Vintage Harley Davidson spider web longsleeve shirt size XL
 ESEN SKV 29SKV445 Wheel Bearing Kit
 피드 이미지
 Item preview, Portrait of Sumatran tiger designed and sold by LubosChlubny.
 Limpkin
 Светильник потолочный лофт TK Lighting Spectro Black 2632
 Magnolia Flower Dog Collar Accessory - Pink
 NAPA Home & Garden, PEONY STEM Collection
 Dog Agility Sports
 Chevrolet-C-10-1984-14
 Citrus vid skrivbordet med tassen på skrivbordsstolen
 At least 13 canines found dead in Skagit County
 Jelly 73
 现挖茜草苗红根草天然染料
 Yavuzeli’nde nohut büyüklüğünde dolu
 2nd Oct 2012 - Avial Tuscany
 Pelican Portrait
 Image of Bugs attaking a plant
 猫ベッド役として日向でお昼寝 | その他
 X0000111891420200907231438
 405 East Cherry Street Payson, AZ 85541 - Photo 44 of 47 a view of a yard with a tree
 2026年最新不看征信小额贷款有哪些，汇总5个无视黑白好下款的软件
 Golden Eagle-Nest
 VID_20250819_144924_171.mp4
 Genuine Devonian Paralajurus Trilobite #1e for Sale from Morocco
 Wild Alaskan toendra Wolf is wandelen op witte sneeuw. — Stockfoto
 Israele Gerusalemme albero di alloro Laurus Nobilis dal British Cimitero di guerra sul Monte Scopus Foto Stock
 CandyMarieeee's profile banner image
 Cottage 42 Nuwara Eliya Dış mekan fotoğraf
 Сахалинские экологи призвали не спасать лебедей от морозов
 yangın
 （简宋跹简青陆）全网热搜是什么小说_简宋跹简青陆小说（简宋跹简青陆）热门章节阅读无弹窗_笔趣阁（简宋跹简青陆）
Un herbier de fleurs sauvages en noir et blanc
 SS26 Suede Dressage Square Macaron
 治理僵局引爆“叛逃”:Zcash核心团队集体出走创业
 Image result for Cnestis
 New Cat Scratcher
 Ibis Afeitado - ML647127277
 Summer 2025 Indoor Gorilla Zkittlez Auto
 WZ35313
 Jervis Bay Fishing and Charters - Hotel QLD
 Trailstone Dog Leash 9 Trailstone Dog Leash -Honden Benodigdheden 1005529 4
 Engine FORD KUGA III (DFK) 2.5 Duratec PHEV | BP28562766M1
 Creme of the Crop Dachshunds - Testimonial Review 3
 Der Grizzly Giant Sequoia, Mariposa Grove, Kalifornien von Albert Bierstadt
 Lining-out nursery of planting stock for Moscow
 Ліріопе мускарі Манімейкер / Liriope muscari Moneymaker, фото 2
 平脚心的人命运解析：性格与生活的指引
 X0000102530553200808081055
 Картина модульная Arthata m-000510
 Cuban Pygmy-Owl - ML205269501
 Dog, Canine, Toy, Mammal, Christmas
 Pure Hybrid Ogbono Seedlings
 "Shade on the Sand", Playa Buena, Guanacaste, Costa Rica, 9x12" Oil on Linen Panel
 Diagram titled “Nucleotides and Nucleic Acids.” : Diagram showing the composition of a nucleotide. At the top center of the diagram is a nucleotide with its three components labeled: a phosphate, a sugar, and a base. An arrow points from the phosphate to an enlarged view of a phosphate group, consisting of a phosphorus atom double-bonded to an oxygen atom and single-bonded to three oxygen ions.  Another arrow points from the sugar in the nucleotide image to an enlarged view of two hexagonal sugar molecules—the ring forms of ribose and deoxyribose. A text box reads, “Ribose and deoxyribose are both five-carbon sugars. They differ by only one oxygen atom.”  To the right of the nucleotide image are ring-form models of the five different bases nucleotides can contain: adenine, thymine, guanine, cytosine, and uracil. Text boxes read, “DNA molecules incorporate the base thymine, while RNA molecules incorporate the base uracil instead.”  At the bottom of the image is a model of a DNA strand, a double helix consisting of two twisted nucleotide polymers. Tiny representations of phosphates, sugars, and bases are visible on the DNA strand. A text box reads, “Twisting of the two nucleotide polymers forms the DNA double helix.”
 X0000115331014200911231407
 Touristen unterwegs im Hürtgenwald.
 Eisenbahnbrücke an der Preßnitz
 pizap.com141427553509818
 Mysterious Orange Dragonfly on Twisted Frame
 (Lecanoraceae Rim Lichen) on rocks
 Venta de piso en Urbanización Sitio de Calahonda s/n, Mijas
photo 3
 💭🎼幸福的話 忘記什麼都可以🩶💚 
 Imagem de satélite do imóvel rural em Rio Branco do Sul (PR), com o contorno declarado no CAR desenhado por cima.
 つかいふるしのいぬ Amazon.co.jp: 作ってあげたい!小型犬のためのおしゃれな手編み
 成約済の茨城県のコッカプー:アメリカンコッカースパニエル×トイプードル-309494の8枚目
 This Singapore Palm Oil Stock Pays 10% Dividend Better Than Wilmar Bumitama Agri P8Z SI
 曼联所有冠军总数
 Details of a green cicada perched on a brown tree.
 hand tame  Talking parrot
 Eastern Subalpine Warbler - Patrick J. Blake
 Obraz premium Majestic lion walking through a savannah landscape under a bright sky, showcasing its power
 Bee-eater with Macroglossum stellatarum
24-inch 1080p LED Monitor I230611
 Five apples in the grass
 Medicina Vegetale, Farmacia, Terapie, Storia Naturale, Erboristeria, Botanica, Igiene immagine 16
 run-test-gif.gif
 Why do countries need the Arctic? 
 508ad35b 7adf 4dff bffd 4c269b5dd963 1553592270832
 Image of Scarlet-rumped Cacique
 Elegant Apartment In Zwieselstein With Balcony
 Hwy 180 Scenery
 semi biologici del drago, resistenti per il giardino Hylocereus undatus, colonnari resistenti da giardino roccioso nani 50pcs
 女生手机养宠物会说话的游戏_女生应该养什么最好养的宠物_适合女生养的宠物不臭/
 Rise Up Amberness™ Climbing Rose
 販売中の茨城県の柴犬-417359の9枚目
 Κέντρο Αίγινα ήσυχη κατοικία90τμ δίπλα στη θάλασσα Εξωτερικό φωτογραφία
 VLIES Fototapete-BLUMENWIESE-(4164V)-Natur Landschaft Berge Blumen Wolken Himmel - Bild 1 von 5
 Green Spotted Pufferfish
------------------------------------------------------------------------
- Your instructions -
When the word "Portrait" appears in a line of the data, that line is counted; report the number only.

- Exercise solution -
2